- [WORKING DATA]
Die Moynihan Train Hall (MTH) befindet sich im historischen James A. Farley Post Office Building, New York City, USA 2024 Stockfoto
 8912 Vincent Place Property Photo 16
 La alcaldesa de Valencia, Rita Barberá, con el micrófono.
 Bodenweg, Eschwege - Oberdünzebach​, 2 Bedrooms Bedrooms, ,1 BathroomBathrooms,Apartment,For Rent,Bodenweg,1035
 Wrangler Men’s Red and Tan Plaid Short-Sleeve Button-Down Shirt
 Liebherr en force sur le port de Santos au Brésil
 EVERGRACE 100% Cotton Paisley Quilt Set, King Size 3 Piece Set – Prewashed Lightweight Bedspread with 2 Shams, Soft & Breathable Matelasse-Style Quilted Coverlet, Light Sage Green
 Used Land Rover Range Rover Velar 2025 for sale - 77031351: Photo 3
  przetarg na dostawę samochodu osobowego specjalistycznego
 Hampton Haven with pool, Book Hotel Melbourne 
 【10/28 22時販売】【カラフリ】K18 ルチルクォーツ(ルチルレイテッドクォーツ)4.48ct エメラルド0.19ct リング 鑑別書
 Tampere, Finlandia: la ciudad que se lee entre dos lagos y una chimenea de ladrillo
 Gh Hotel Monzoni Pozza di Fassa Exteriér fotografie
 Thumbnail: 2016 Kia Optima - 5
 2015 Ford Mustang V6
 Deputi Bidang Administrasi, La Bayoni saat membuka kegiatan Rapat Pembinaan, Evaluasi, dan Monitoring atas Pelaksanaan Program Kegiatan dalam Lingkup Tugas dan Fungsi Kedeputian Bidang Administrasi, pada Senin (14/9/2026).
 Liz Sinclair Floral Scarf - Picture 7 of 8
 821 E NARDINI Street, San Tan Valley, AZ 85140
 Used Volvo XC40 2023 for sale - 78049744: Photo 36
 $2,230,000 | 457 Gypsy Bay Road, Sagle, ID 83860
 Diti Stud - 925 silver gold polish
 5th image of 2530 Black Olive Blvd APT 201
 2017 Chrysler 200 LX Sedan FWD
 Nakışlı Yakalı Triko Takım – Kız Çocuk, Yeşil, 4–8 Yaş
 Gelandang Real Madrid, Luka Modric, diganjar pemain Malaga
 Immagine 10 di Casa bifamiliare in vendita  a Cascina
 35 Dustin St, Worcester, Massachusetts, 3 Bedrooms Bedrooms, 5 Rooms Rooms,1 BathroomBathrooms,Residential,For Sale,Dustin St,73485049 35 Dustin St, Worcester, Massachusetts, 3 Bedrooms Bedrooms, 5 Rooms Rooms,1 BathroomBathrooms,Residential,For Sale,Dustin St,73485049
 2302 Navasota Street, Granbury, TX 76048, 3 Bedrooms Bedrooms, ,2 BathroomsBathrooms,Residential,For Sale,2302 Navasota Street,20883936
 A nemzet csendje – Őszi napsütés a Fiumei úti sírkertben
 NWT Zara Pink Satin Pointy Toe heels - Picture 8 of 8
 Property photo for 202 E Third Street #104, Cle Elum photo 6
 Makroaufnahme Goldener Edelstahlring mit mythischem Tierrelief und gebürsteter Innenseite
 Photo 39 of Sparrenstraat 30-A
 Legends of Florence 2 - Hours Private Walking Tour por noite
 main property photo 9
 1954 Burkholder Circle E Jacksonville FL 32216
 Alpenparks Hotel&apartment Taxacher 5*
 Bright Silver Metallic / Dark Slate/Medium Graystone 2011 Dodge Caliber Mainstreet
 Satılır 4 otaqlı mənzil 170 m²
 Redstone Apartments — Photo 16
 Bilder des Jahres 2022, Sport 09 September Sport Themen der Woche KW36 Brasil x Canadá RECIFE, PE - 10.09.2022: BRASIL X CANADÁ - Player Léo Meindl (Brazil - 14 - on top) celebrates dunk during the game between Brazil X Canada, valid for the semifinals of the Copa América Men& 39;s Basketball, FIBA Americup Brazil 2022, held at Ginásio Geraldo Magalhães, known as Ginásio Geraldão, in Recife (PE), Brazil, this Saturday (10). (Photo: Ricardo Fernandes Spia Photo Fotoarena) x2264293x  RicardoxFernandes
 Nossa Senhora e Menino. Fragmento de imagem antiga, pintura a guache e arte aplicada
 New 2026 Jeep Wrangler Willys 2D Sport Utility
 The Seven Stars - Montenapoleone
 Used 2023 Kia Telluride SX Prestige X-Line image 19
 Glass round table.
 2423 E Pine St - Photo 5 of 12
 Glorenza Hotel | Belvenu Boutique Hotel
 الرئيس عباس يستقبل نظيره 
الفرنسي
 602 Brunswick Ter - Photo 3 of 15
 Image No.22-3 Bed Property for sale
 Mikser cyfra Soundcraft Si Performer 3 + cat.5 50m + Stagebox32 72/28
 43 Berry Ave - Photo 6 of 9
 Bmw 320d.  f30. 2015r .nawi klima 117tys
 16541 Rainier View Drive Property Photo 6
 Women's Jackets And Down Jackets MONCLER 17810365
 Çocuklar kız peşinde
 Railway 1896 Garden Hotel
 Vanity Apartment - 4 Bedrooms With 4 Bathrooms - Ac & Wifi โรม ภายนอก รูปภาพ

- [WORK ITEM] Whenever the word "Picture" appears in a line of the listing, report that line.

- [ANSWER TO THIS EXERCISE]
 Liz Sinclair Floral Scarf - Picture 7 of 8
 NWT Zara Pink Satin Pointy Toe heels - Picture 8 of 8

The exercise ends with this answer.